Another treat was lemon curd as we always had her jam.  I loved lemon curd and often make it myself now I have my own eggs.  I make a Victoria sponge and sandwich it with some of my lemon curd and dust with icing sugar.

The recipe I use for lemon curd comes from a book my aunt bought in a car boot sale in the UK and gave to me, called Cordon Bleu Preserving.  It is a fantastic book and has all sorts of old-fashioned recipes for preserves.




Lemon Curd Recipe
Grated rind and juice of 2 large lemons
75g butter
225g lump sugar (I have no idea what this is I use ordinary sugar)         
3 eggs beaten

Put the lemon rind and juice in a double saucepan (bain marie), add the butter and heat gently, then add the sugar.  Strain the beaten eggs into the pan.  Stir over heat until mixture is thick, then pour into warm, dry jars.  Cover and tie down.

Victoria Sponge
225g softened butter
225g sugar
4 medium eggs
225g white spelt flour or plain wheat flour
1 heaped tsp. baking powder

Cream butter and sugar together until white and fluffy.
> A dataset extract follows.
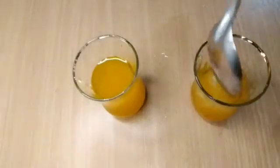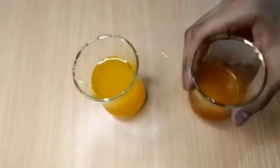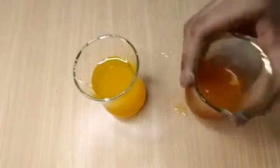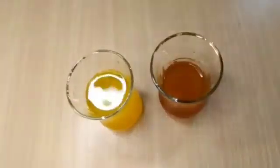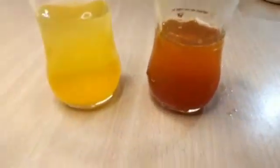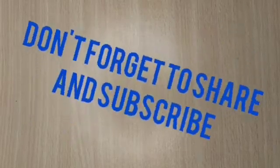Now add baking soda to the turmeric solution — the colour changes to red. Baking soda is basic in nature. It turns the yellow turmeric solution to red. You can see it.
Add eggs, one at a time and continue beating.  Sift in flour and baking powder and fold in with a metal spoon.  Line two sandwich tins and place in a pre-heated oven at gas mark 4 or 180C.  Bake until the centre springs back to a light touch and the cake has shrunk in from the edge of tin.   Cool and sandwich with the lemon curd.  Dust the top with icing sugar and use a lemon zester to make some curly lemon zest decorations and place in centre.  Keep in a cool place if not eaten straight away.